**EXERCISE OBJECTIVE**
Quote the listing in full, exactly as given, minus any pictures.

**DATASET CONTENT**

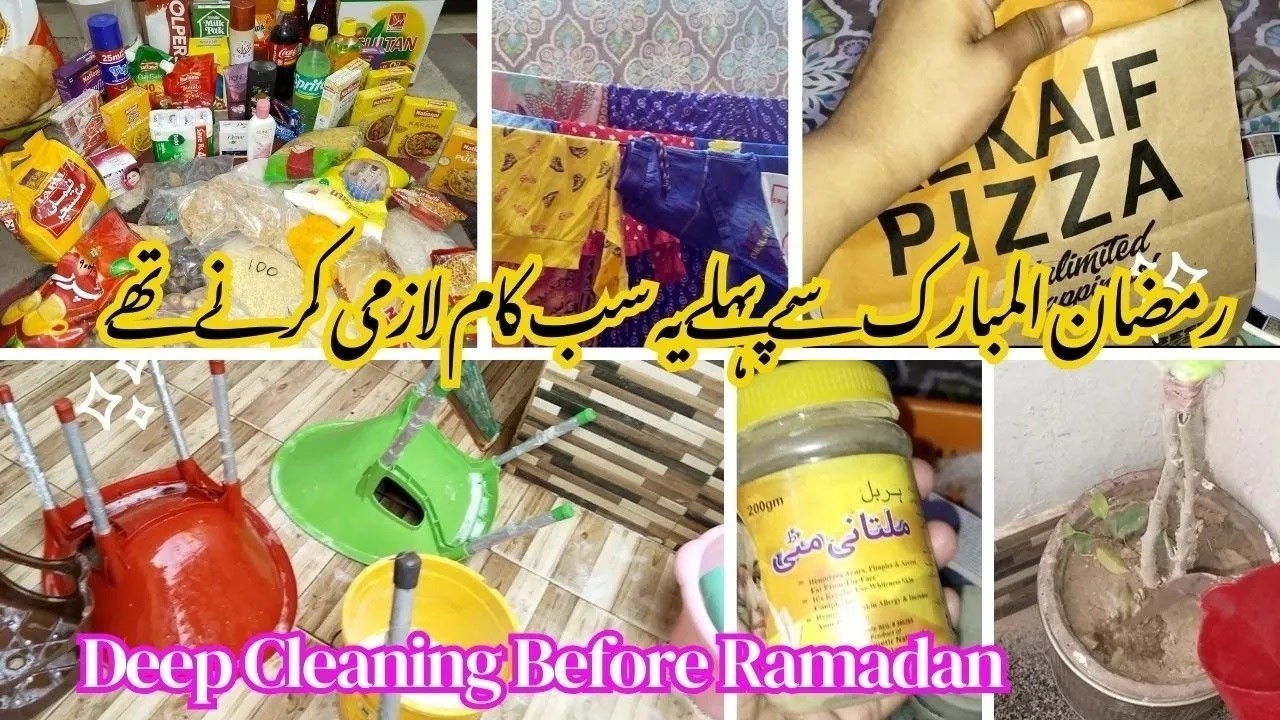 RAMADAN 2025 PREPARATIONS 🌙   Deep Clean , Organising And SelfCare   Mahreenkhawajavlogs
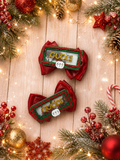 Inspired piggy bows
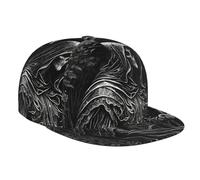 Baseball Cap Grim Reaper Sickle Mystic Death Dark Dad Hat Breathable Baseball Hat Fashion Trucker Hats for Running Fishing Camping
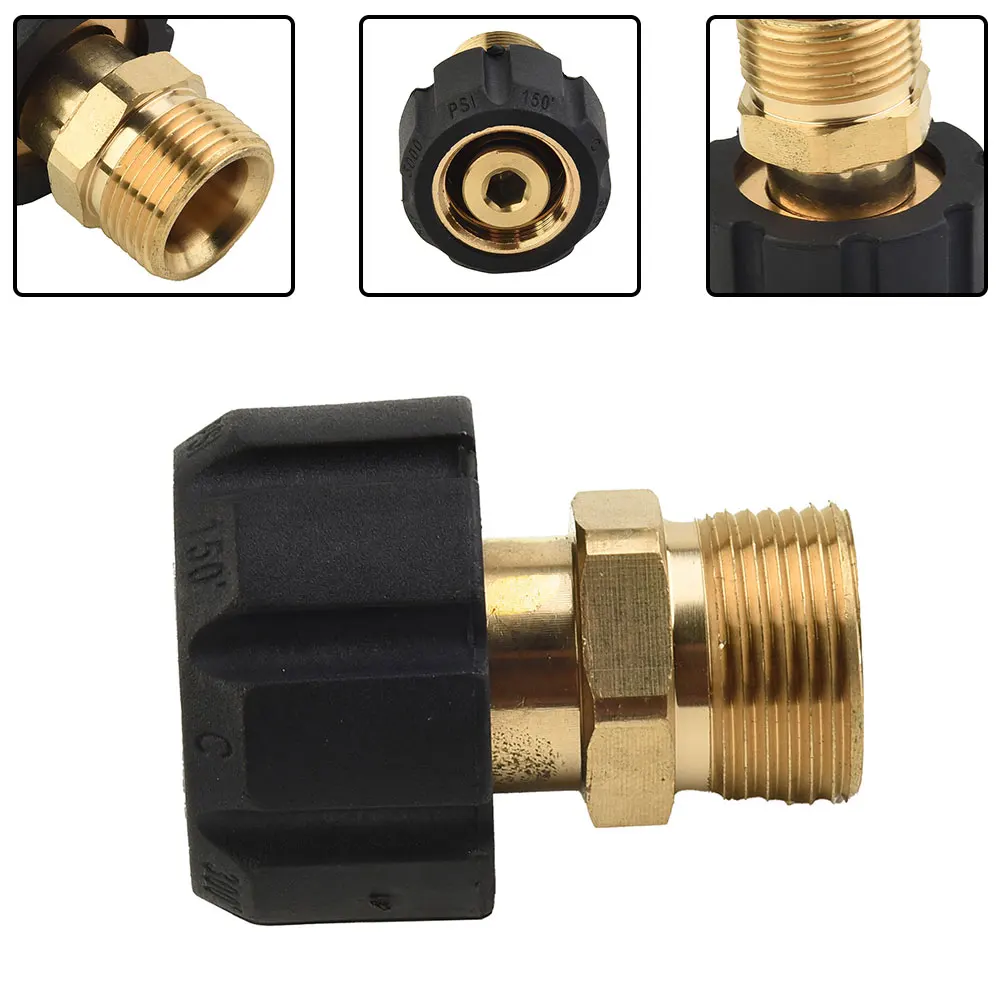 1 шт., аксессуары для винтовых нипелей, латунная муфта для шланга M22, штекер/14 мм до M22, гнездо/15 мм, шайба, высокое качество, практичная
1 шт., аксессуары для винтовых нипелей, латунная муфта для шланга M22, штекер/14 мм до M22, гнездо/15 мм, шайба, высокое качество, практичная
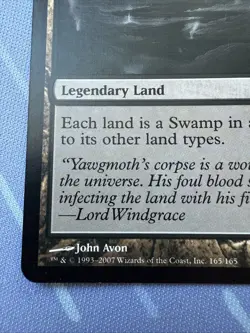Urborg, Tomb of Yawgmoth - Planar Chaos - Magic the Gathering 2007 - Image 5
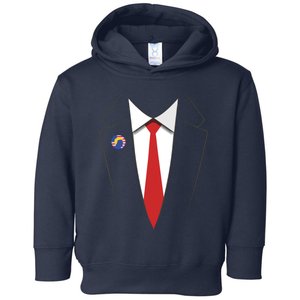 President Trump Suit US President Easy Costume Toddler Hoodie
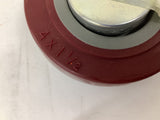 Colson 4x1-1/2 Rubber Caster Wheel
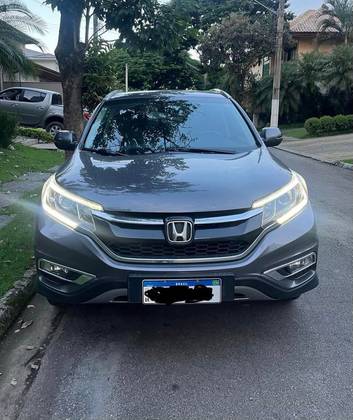 HONDA CRV 2.0 EXL 4X4 16V FLEX 4P AUTOMÁTICO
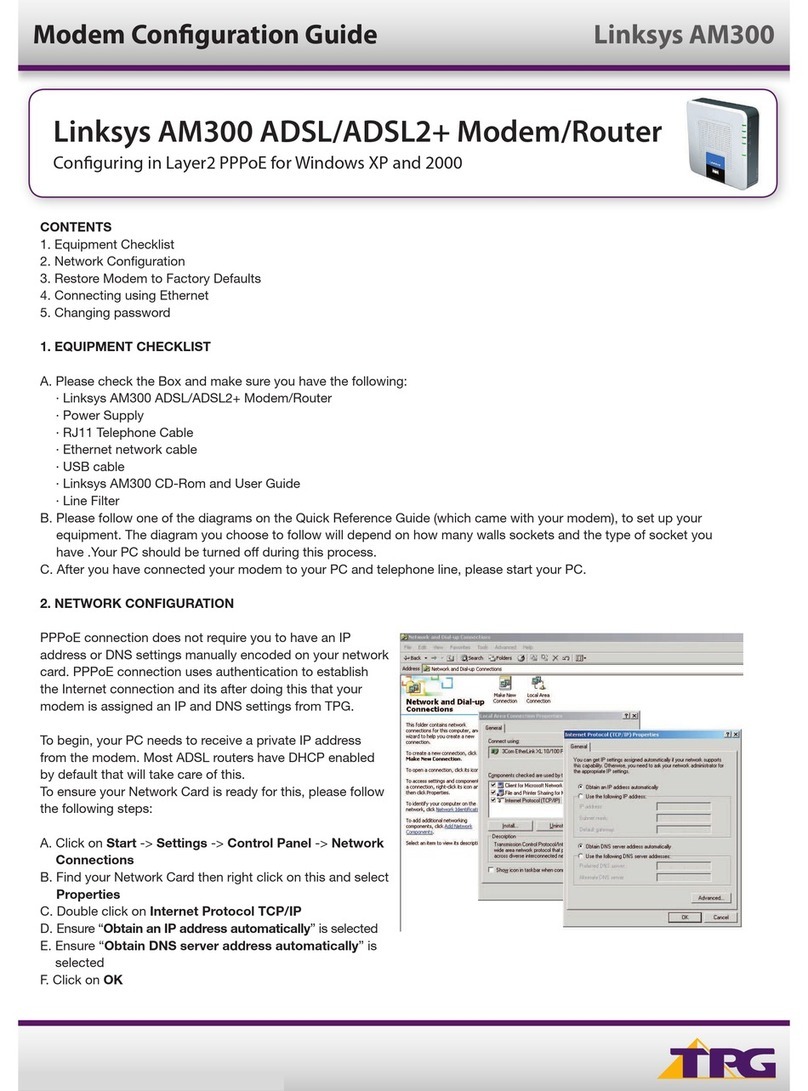 Linksys AM300 User manual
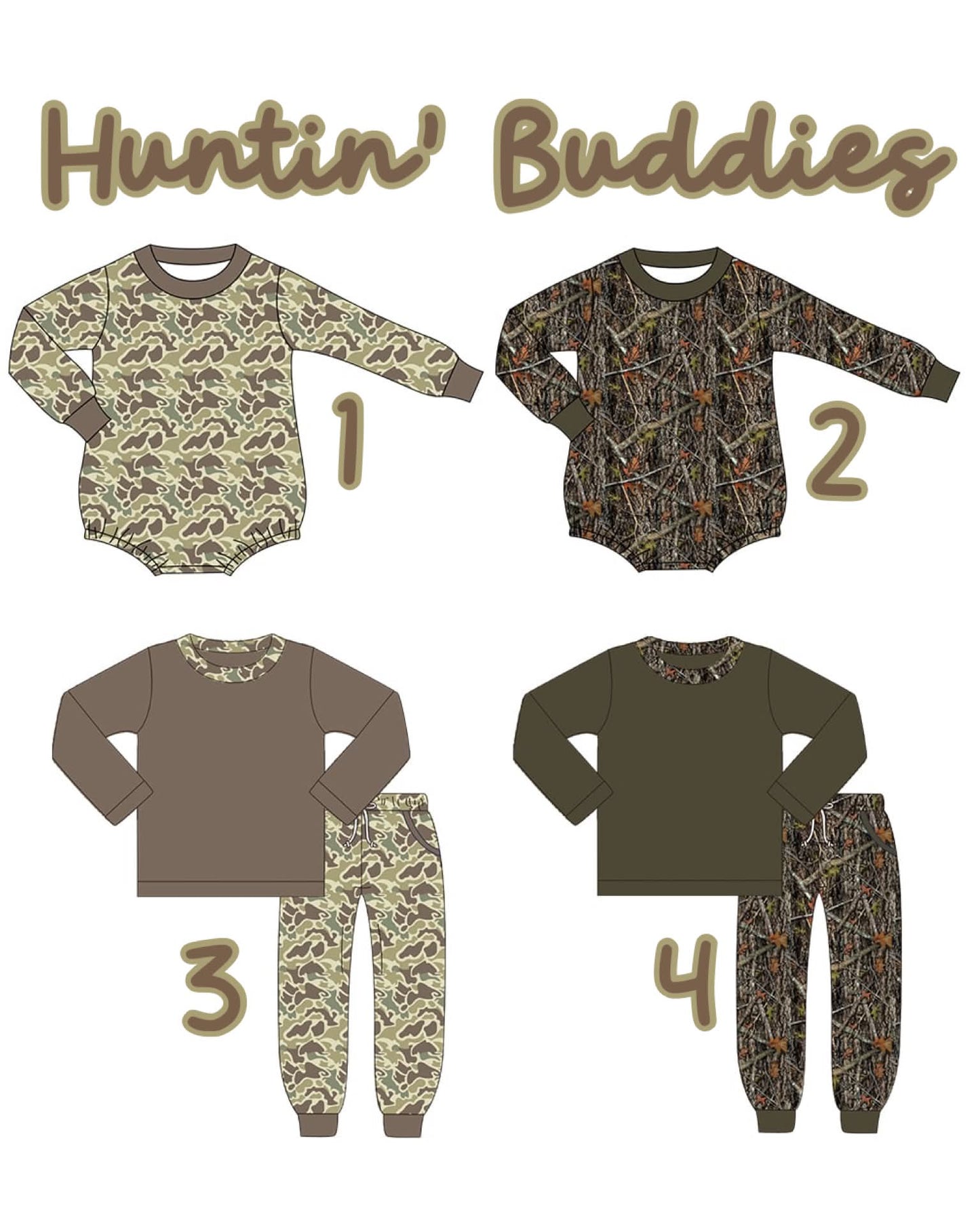 WS PO#32 Huntin Buddies ETA December to BBB
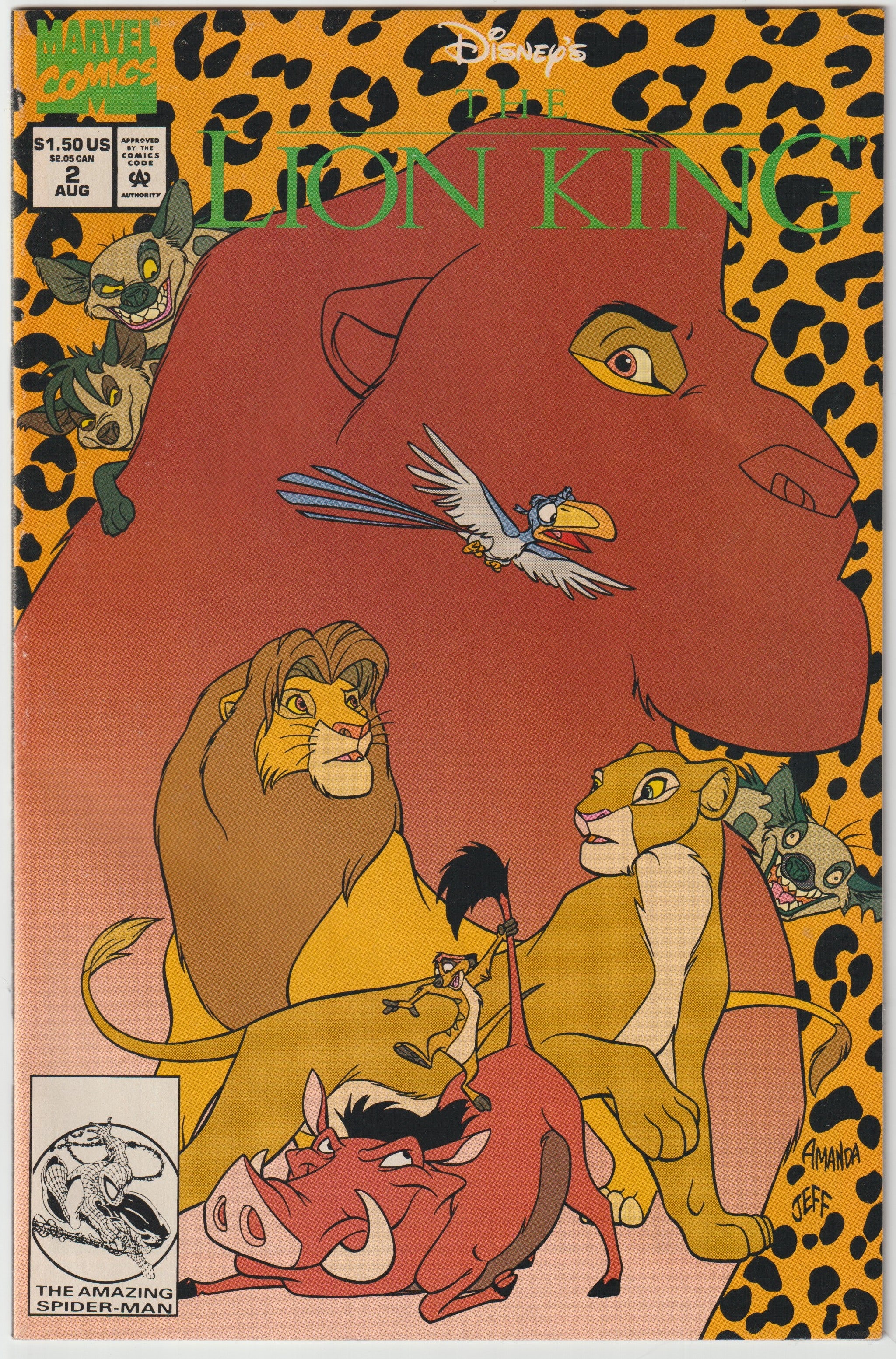 Disney's The Lion King #2 (1994) | Odin's Place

**TASK RESPONSE**
 RAMADAN 2025 PREPARATIONS 🌙   Deep Clean , Organising And SelfCare   Mahreenkhawajavlogs
 Inspired piggy bows
 Baseball Cap Grim Reaper Sickle Mystic Death Dark Dad Hat Breathable Baseball Hat Fashion Trucker Hats for Running Fishing Camping
 1 шт., аксессуары для винтовых нипелей, латунная муфта для шланга M22, штекер/14 мм до M22, гнездо/15 мм, шайба, высокое качество, практичная
1 шт., аксессуары для винтовых нипелей, латунная муфта для шланга M22, штекер/14 мм до M22, гнездо/15 мм, шайба, высокое качество, практичная
Urborg, Tomb of Yawgmoth - Planar Chaos - Magic the Gathering 2007 - Image 5
 President Trump Suit US President Easy Costume Toddler Hoodie
 Colson 4x1-1/2 Rubber Caster Wheel
 HONDA CRV 2.0 EXL 4X4 16V FLEX 4P AUTOMÁTICO
 Linksys AM300 User manual
 WS PO#32 Huntin Buddies ETA December to BBB
 Disney's The Lion King #2 (1994) | Odin's Place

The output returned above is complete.